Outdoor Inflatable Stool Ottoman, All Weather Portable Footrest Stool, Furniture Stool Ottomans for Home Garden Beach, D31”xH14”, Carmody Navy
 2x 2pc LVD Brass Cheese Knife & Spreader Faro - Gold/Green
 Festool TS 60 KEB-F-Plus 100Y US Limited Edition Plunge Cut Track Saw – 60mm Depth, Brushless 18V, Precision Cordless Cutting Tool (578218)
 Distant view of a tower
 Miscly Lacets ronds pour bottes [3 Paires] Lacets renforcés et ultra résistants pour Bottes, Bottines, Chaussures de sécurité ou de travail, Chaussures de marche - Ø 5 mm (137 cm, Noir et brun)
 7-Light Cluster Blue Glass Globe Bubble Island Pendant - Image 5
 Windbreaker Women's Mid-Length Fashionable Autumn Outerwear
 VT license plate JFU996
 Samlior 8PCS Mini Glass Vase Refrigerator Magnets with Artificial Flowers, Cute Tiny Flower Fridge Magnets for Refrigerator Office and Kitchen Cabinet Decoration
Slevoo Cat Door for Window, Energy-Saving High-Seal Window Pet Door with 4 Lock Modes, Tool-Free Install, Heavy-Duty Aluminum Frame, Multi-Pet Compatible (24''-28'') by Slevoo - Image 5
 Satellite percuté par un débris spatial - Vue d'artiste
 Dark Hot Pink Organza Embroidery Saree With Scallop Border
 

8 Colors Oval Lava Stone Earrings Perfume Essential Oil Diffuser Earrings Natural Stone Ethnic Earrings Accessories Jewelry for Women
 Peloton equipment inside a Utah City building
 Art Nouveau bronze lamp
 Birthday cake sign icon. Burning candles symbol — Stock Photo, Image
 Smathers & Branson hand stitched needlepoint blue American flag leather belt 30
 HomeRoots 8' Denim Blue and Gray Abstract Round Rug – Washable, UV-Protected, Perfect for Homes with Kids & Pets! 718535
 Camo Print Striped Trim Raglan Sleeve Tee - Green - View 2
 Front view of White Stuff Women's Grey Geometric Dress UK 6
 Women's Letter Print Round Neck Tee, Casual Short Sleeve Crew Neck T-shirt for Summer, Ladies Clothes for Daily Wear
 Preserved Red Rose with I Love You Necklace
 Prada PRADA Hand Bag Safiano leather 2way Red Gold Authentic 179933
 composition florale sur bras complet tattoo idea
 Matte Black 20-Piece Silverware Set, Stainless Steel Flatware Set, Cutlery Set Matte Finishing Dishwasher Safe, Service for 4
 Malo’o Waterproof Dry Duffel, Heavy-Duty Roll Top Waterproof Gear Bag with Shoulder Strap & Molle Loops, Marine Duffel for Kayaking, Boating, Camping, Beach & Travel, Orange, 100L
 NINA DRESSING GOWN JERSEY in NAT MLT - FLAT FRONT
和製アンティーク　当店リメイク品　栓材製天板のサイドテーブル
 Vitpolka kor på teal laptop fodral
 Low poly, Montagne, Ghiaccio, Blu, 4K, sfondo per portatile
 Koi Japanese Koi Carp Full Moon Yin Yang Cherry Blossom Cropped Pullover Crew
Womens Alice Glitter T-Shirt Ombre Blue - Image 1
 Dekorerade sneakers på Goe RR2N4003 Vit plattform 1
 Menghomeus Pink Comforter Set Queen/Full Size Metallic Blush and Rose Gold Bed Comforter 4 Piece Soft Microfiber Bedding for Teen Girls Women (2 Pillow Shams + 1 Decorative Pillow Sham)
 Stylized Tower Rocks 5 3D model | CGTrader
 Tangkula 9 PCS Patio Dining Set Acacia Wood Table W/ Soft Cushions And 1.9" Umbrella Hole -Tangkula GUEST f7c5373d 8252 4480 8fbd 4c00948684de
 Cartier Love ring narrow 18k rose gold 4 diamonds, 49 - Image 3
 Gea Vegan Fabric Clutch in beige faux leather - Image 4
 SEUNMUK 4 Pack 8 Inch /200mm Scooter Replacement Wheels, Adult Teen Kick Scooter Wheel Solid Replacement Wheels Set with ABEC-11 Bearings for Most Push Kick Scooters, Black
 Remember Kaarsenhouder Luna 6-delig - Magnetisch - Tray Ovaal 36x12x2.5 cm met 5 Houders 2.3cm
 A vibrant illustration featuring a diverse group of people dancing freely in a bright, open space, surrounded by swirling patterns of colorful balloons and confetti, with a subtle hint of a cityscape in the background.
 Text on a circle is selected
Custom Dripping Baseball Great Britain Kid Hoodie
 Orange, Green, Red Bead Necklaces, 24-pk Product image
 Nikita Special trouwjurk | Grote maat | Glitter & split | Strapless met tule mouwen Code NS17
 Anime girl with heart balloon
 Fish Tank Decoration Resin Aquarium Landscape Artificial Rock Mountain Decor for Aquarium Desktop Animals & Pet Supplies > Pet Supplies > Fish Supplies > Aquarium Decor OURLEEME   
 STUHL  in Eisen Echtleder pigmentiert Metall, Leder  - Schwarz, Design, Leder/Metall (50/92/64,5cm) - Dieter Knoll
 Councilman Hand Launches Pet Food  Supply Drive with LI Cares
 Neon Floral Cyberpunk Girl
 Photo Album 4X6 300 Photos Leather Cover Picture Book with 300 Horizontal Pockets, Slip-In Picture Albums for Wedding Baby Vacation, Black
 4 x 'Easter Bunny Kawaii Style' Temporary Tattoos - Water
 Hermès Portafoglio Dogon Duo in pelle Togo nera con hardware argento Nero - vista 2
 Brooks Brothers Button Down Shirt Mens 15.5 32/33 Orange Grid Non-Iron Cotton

=-=-=

## Your instructions
Begin with the line that has "Satellite percuté par" in the listing above and end after the line that has "Birthday cake sign"; output those lines exactly.

## Task output
 Satellite percuté par un débris spatial - Vue d'artiste
 Dark Hot Pink Organza Embroidery Saree With Scallop Border
 

8 Colors Oval Lava Stone Earrings Perfume Essential Oil Diffuser Earrings Natural Stone Ethnic Earrings Accessories Jewelry for Women
 Peloton equipment inside a Utah City building
 Art Nouveau bronze lamp
 Birthday cake sign icon. Burning candles symbol — Stock Photo, Image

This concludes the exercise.